START Source records
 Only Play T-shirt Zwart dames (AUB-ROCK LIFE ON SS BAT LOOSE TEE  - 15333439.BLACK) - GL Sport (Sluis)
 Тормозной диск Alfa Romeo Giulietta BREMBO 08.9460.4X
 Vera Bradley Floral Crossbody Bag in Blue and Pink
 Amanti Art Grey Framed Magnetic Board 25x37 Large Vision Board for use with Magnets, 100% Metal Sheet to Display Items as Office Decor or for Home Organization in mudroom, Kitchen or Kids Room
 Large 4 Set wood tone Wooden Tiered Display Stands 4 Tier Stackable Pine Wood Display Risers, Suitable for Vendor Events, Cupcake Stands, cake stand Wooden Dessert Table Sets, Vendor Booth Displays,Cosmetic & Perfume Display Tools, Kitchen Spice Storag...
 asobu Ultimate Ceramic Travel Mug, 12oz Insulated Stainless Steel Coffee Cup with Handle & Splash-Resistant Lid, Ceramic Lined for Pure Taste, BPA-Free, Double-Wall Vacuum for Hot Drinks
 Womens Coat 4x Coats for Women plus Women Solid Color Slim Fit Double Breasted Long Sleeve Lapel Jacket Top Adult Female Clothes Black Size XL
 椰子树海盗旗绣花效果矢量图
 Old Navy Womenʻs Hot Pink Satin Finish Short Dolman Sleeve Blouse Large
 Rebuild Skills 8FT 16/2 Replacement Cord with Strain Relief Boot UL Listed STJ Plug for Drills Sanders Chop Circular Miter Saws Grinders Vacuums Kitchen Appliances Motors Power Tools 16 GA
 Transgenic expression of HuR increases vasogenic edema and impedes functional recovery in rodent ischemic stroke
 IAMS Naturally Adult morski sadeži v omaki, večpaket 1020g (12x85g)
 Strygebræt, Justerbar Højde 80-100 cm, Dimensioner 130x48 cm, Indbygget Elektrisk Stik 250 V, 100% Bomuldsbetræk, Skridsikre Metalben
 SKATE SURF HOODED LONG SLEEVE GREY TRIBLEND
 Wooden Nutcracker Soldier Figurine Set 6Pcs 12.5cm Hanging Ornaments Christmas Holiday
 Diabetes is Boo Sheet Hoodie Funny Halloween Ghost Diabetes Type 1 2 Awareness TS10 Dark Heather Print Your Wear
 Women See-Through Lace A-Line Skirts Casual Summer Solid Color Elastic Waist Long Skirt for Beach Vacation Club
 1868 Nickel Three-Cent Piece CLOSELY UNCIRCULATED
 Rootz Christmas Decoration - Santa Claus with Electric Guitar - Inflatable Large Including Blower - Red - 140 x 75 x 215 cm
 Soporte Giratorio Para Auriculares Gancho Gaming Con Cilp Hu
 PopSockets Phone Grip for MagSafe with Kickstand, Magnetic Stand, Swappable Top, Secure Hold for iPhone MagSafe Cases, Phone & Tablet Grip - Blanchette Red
END Source records
== What the exercise asks ==
Everything from the line with "Rootz Christmas Decoration" through the last line of the data is to be retyped verbatim, with no other text.

== Reply ==
 Rootz Christmas Decoration - Santa Claus with Electric Guitar - Inflatable Large Including Blower - Red - 140 x 75 x 215 cm
 Soporte Giratorio Para Auriculares Gancho Gaming Con Cilp Hu
 PopSockets Phone Grip for MagSafe with Kickstand, Magnetic Stand, Swappable Top, Secure Hold for iPhone MagSafe Cases, Phone & Tablet Grip - Blanchette Red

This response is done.